Jaa


So what's the deal with this whole C# 3.0 / Linq thingy?

I've been mulling over the best way to talk about the new C# 3.0 stuff we've been working on.  I presented the post on how you could use the new C# 3.0 features to go beyond the basic query functionality we've been targetting it at.  The was to help give an appreciation about how we've added strong query support through the addition of several new smaller features that can be used for more than query (although that's the formost area that we're trying to attack).  However, i then realized that it was somewhat interesting that i would present the post on "what *else* you can do with C# 3.0" before anyone even had idea of what you "could" did with C# 3.0 first.

I could do a fairly detailed drill down of the new C# features, but i actually thought a more holistic approach would be better in this case.  So i'm actually going to talk about the general problem space we're confronting, and i'll try to provide some running examples to help carry me through this.

So what is Linq?  Well, Linq is the culmination of a number of techniques we're producing to help deal with the large disconnect between data programming and general purpose programming languages. Linq stands for Language INtegrated Query, and simply put, it's about taking query, set operations and transforms and making them first class concepts in the .Net world.  This means making them available in the CLR, in .Net programming languages, and in the APIs that you're going to be using to program against data in the future.  Through all this you can get a completely unified query experience against objects, XML, and relational data.  i.e. the most common forms of data that will appear in your application.  And, what's best, if you happen to have your own form of data that doesn't fit into those different models, then you can use our extensible system to target that model as well.  After all, our XML and relational data access models (called XLinq and DLinq respectively) are just APIs built on top of the core Linq infrastructure.  As such, i'm not going to dive too deeply into those specific models.  I'm going to let the individual teams who are responsible for that (and who know those APIs far more intimately) to give you all the information at their disposal.

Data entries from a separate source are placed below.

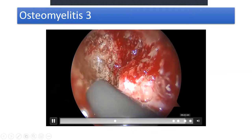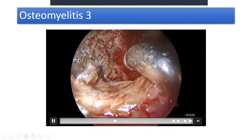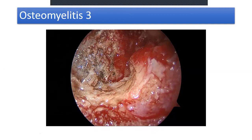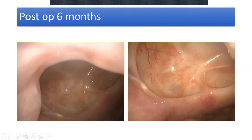One month post-op: some gel foam with antibiotic solution is placed inside. At six months post-op, exactly the same area — it beautifully epithelializes and the patient is absolutely symptom free.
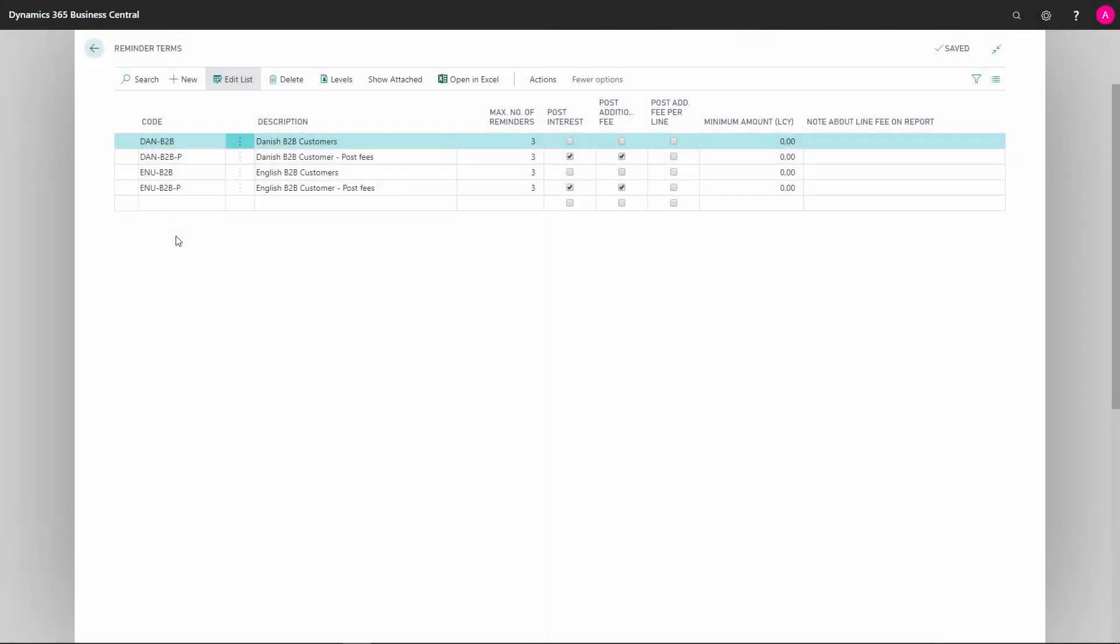In Reminder Terms, we can add different codes with different setup for each reminder term that we want to connect to a customer.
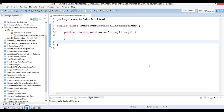Hello friends, my name is Gishan and welcome to this video tutorial. In this video tutorial I'm going to discuss about the Function interface, which is one of the functional interfaces belonging to the java.util.function package.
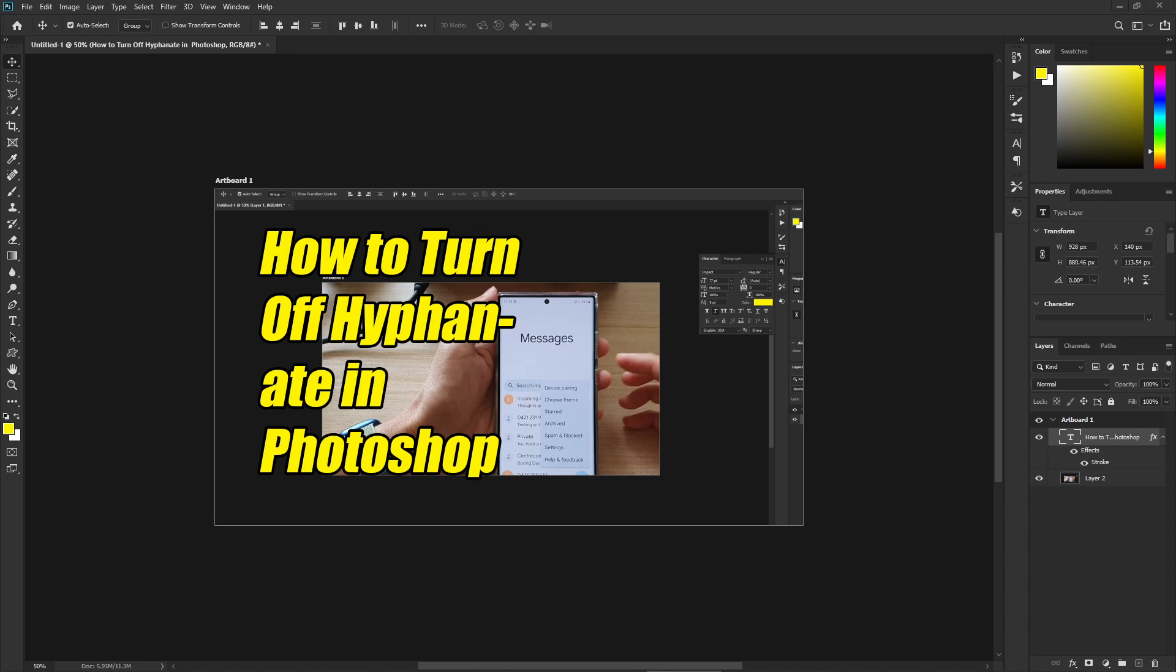Hey guys, in this video we're going to take a look at how you can remove hyphenate in a text paragraph in Photoshop in 2022. So this is the latest update.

So, let's first talk about data access today and how our new approach most likely differs from that you've been used to.  If you're accessing a database somewhere in your application, then there's a good chance that you've embedded some bit of SQL somewhere.  Maybe you've kept it fairly clean and abstracted away, or maybe you have SqlCommand's left rigth and center all with their own "select *"'s or other raw SQL commands stored hither.  Of course, when writing this code you had no compile time checking that your SQL strings were well formed, no IntelliSense, etc.  Because, effectively, you are using two completely different languages in an environment that only understands one.  This is pretty bad, but really only begins to scratch the surface of the deep mismatch between this relational data domain and the object domain.

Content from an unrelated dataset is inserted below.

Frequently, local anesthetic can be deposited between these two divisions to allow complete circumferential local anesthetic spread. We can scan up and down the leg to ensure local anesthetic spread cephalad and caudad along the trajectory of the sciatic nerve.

Through and through you have mismatches between objects and relational data and XML in your system.  Different types.  Different operations.  Different programming models.  Your code which works on XML won't work on relational data.  You code which works on relational won't work on objects. etc.  But there's a better way.  Now we can allow you to work with all these different data systems right within C# (or VB).  This means using the same syntax, the same types, and the same programm ing models to query and manipulate all these different forms of data in a unified manner.  And, because support for these models has been built on top of an extensible system, it means that if necessary you can do the same as what we've done to bring this strong query support anywhere you need to it go where we don't currently have an offerring.

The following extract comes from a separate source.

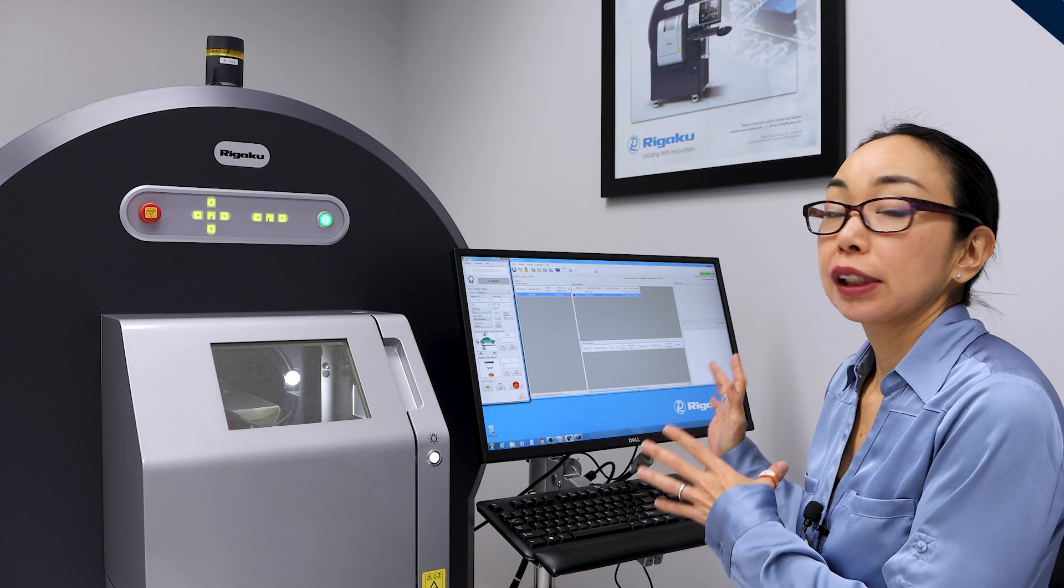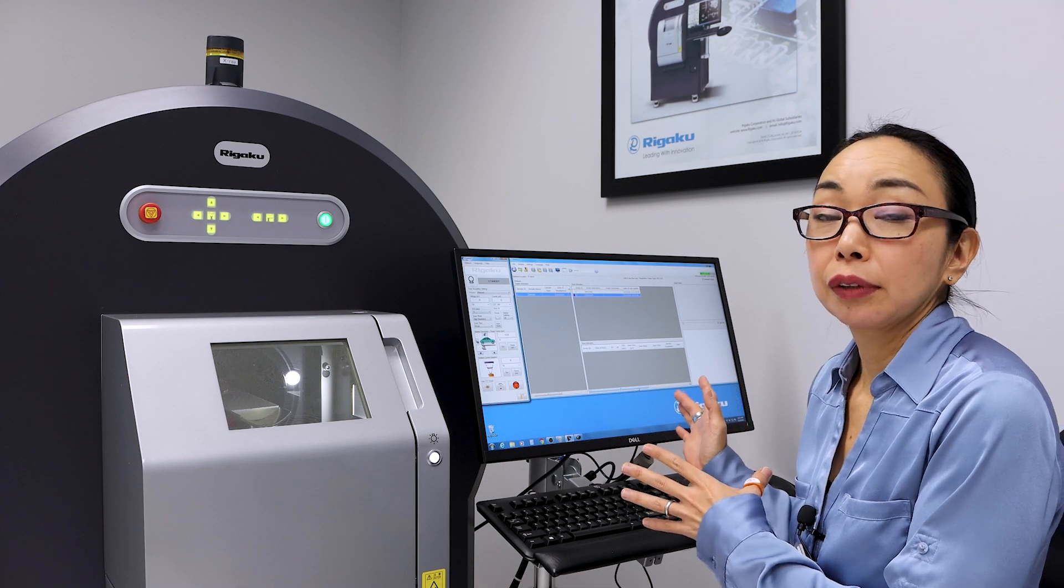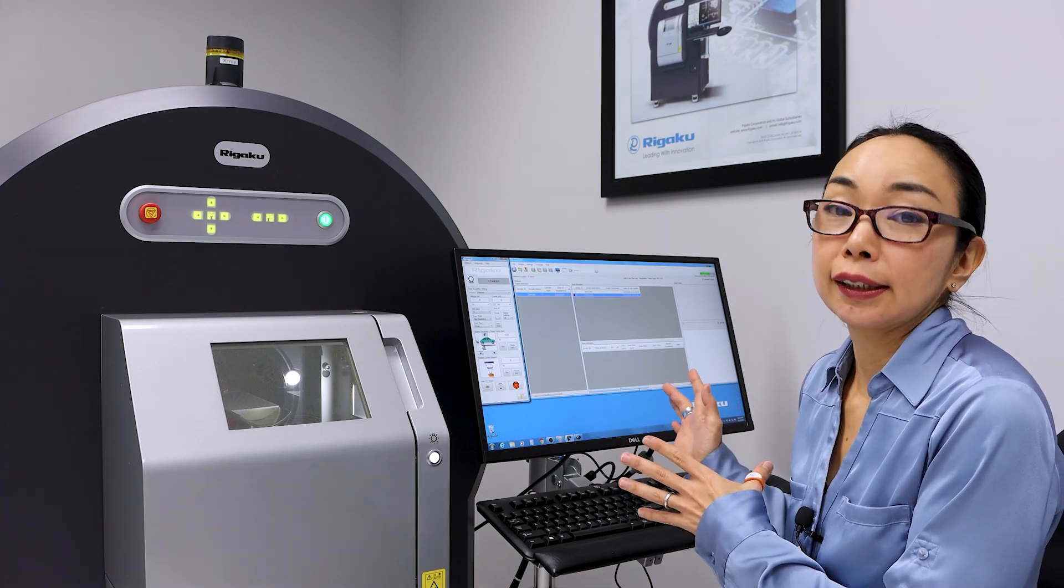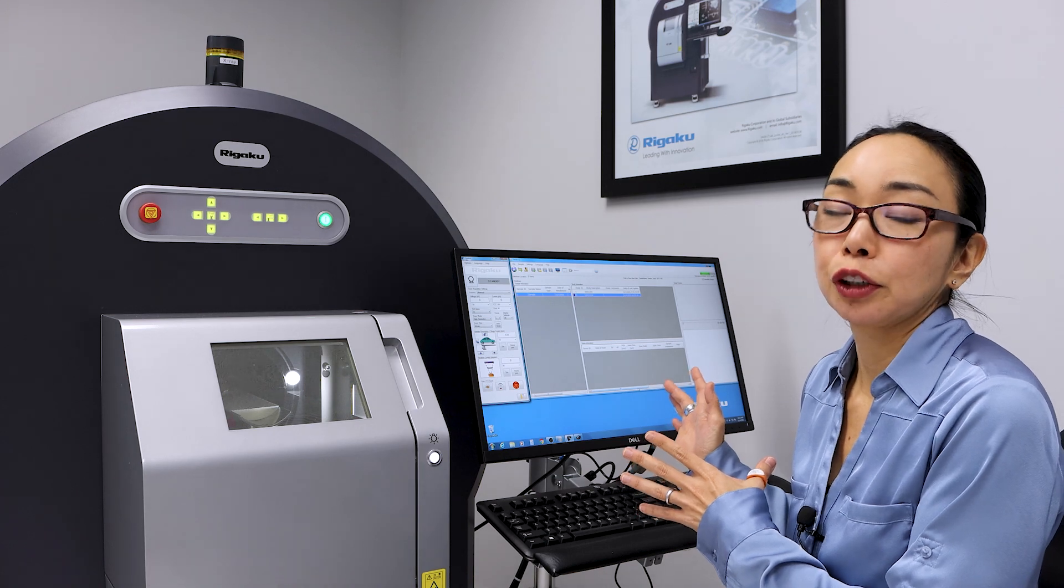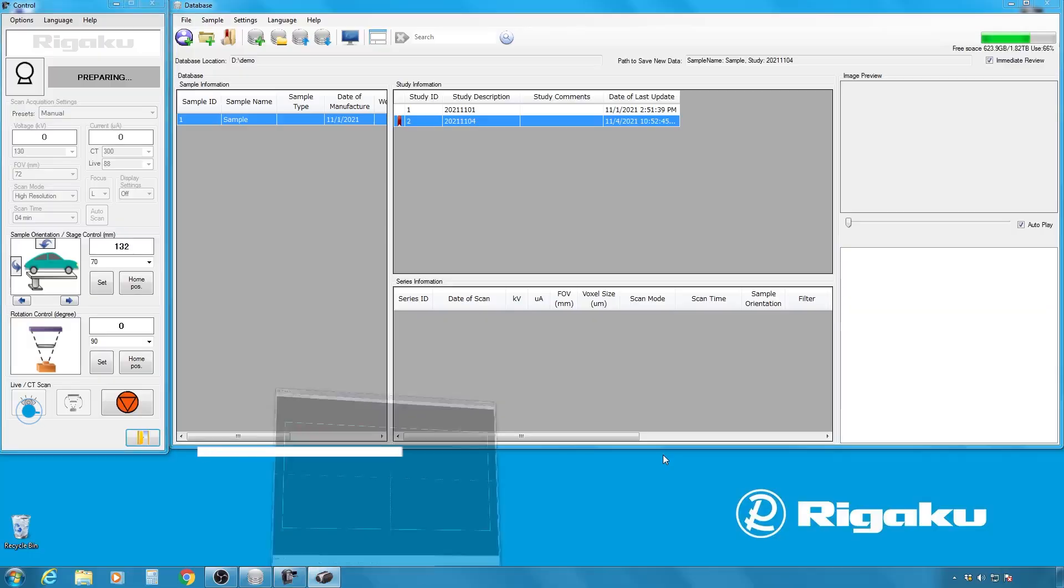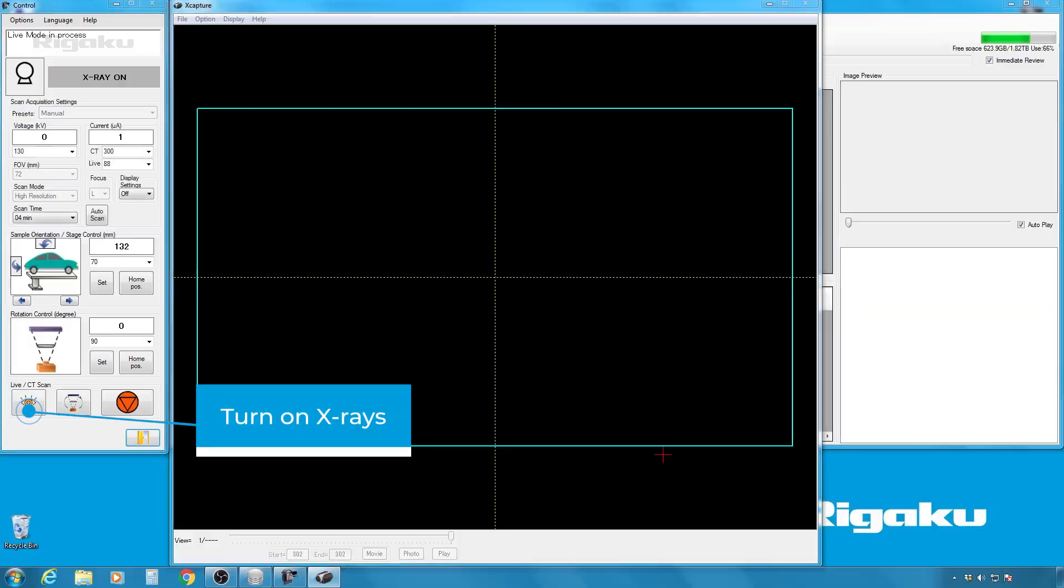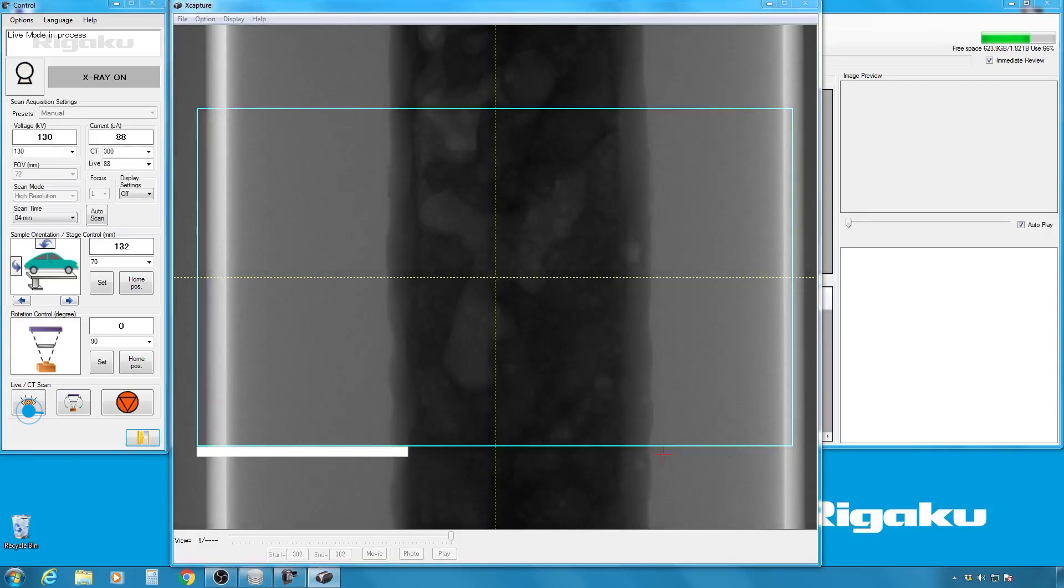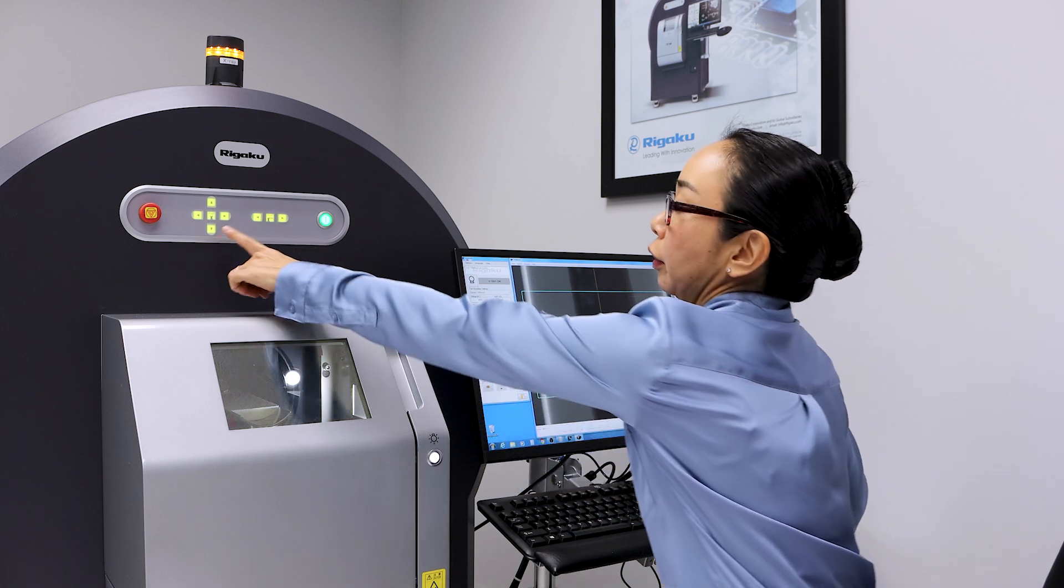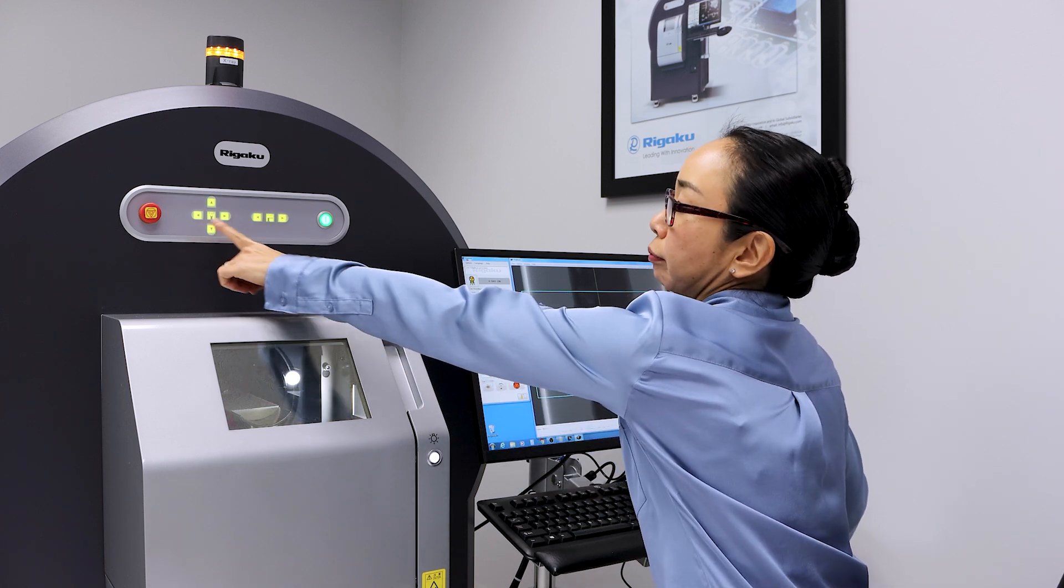Before you set the details of the scan, you want to align the sample, and let me show you how to do that. So first, you turn on the X-rays, and we're looking at kind of the center of the sample. And I want to start from the top of the sample, so I'm going to move this around. And to do that, you can use those buttons.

To ground this discussion a little, let's start looking at a simple example of C# 3.0/Linq in action.  (Note: this example might look very familiar.  That's because many demos and examples are made to run against the Northwind DB.  This allows us to all talk about the same thing and have consistent and clear names for entities).   You start with a simple list of Customers:

         Customer[] customers = GetCustomers();

Nothing magic going on here.  Nothing up my sleaves.   Just a regular .Net array initialized from some source.  Now, to make things a little simpler (especially for later examples) we can then write that as:

         Customer[] customers = GetCustomers();
        var custs = customers;

What's going on in that second line? Well, "var" is are way of introducing "local variable type inference".  It's a new C# 3.0 feature that allows you to save space by not writing the type of a local variable, while also having the type inferred from the expression that initializes the variable.  So, in the above code, "custs" is known at compile time to be a "Customer[]".  If you were to write:

         var i = 10;
        var b = true;
        var s = "hello";

then it would be the *exact* same as writing:

         int    i = 10;
        bool   b = true;
        string s = "hello";

We'll see later on why this can be quite a handy thing.  Now, let's extend our code a bit further to start querying that array of customers:

         Customer[] customers = GetCustomers();
        var custs = customers.Where(c => c.City == "Seattle");

Here we're simplying querying all our customers for the set of customers that are from Seattle.  And "custs" will be an IEnumerable<Customer>.  We can even carry that a little further in to the following query:

         Customer[] customers = GetCustomers();
        var custs = customers.Where(c => c.City == "Seattle").Select(c => c.Name);

Here we're projecting out the name of all our customers from Seattle.   So custs will be an IEnumerable<string>.  Now, what the heck is this code.  This isn't your daddy's C# anymore.  What are those funky arrows?  And where did the "Where" and "Select" methods come from??  They're certainly don't seem to be defined on array type when i look at it in ILDasm!  Well, to answer the first question, the funky => arrow the new C# 3.0 syntax that allows you to create a lambda expression. You can think of a lambda expression as a natural evolution of the anonymous methods introduced in C# 2.0.  Lambda expressions benefit from simpler syntax and the ability to use inference.  So now you can write:

         c => c.City == "Seattle"  //instead of
        delegate (Customer c) { return c.City == "Seattle"; }

As you can see, the C# 2.0 method just drowns you in syntax and it makes it a rather poor choice to use in queries (heck! there's a 2x increase in query size between the two).  However, the new C# lambda expression succitly encapsulates the test we want to perform, with only about 5 characters overhead.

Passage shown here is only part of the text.